Твой плен, твой пепел и страданья
Есть тайна Божеских судов;
Не человеческой злой воле
На бранном, кроволитном поле
Была должна ты уступить;
Но Бог, казня Наполеона,
Хотел Европу от дракона
Твоим пожаром искупить.
А Петр Андреевич Вяземский по-своему подводил итог общим убеждениям:
Красуйся славою в веках,
Москва! Спасительница мира!
Россия, русская вера, русская культура, русский жизненный строй вдруг открылись в ту эпоху нашим образованным соотечественникам как самый несомненный оплот праведных, священных начал бытия.
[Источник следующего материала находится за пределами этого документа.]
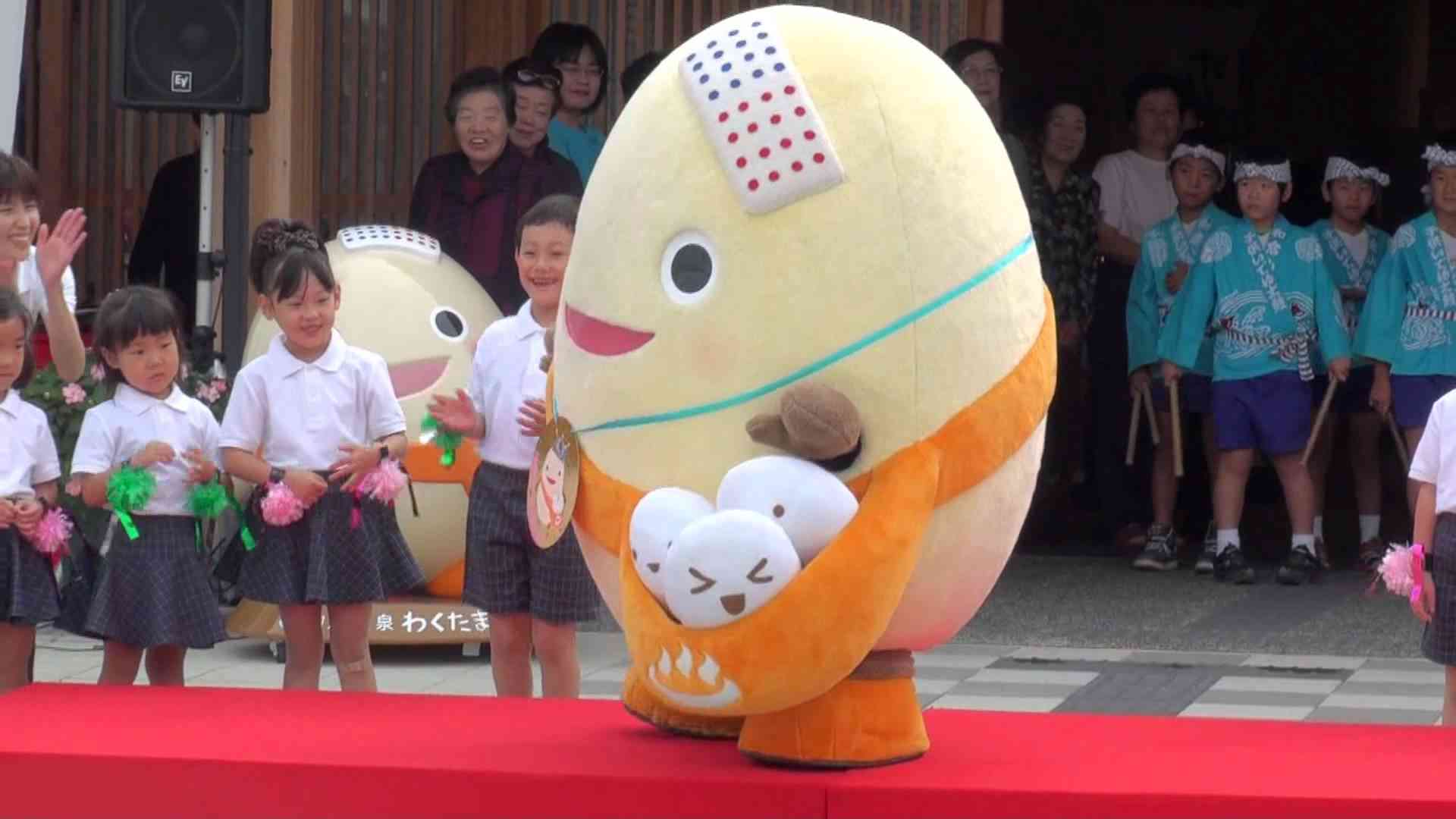 わくたまくんおたんじょうび会(2012) - YouTube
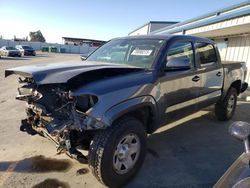 Salvage cars for sale from Copart Antelope, CA: 2020 Toyota Tacoma Double Cab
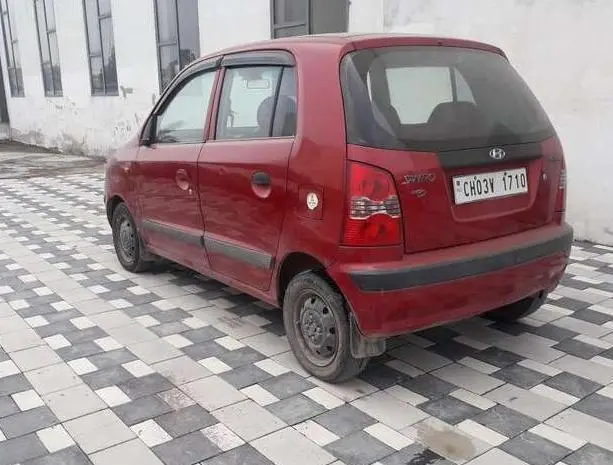 Hyundai Santro GLS I EURO I 2005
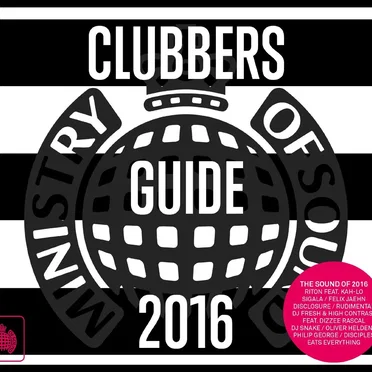 Clubbers Guide 2016 by Various Artists - album cover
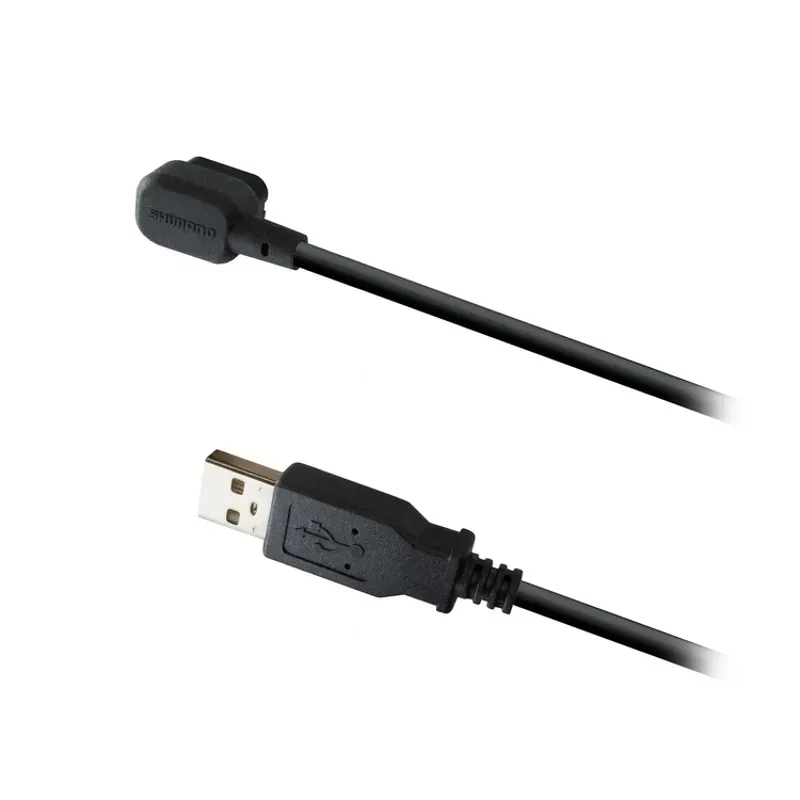 Shimano EW-EC300 Charging Cable in Black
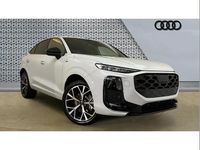 Ny Audi Q3 Comfort 267 HK (196 kW) 2025 Other SUV
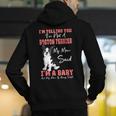Boston Terrier Mom American Gentleman Dog Lover Mother's Day Men's Hoodie Back Print, Boston Terrier Mom Hoodies, American Boston Terrier Hoodies, funny gift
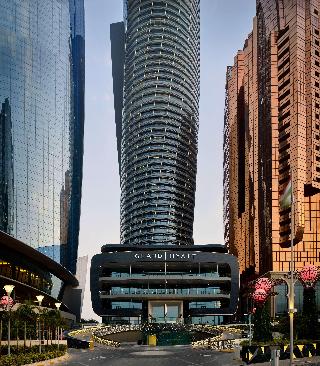 Grand Hyatt Abu Dhabi Emirates Pearl fotoÄŸrafÄ±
Свидетельством тому была сама их победа!
На протяжении долгих десятилетий русские дворяне увлекались философией западного просвещения. Вдохновители новой революционной эпохи – Вольтер, Дидро, Руссо стали кумирами многих из них. Война 1812 года с предельной ясностью показала, к чему приводят путем неизбежных превращений такие привлекательные на первый взгляд просветительские идеалы. И оказалось вдруг, что родные ценности, знакомые с детства, но часто забытые, – это и есть истинное Просвещение, без которого не устоят ни Россия, ни целый мир.
Просвещение на западный манер часто виделось во второй половине XVIII века неким достоянием высших сословий, из которых оно «разливается» по мере своего успеха во все остальные слои общества. Люди 1812 года встретились на поле боя с подобным «разливом» подобного просвещения, увидели в нем агрессивный, разрушительный обман – и отвергли его. Отвергли все вместе, без различия сословий. Потому что единственно живое, спасительное Просвещение в равной мере воодушевило каждого из них. Они испытали необыкновенное чувство духовного родства, принадлежности одному великому народу. Совсем не удивительно, что с первых дней войны русский дворянин Федор Николаевич Глинка стал писать стилизованные солдатские песни, призывающие соотечественников бесстрашно идти в бой. И уж совершенно необходимыми в литературе эпохи оказались вдохновленные военными событиями басни Ивана Андреевича Крылова, особенно известная каждому в России «Волк на псарне». Всегда укорененные в народной речевой стихии, они заключали в себе простодушную – и самую точную национальную меру недавно произошедших событий, неувядающий здравый смысл, на века произнесенное поучение.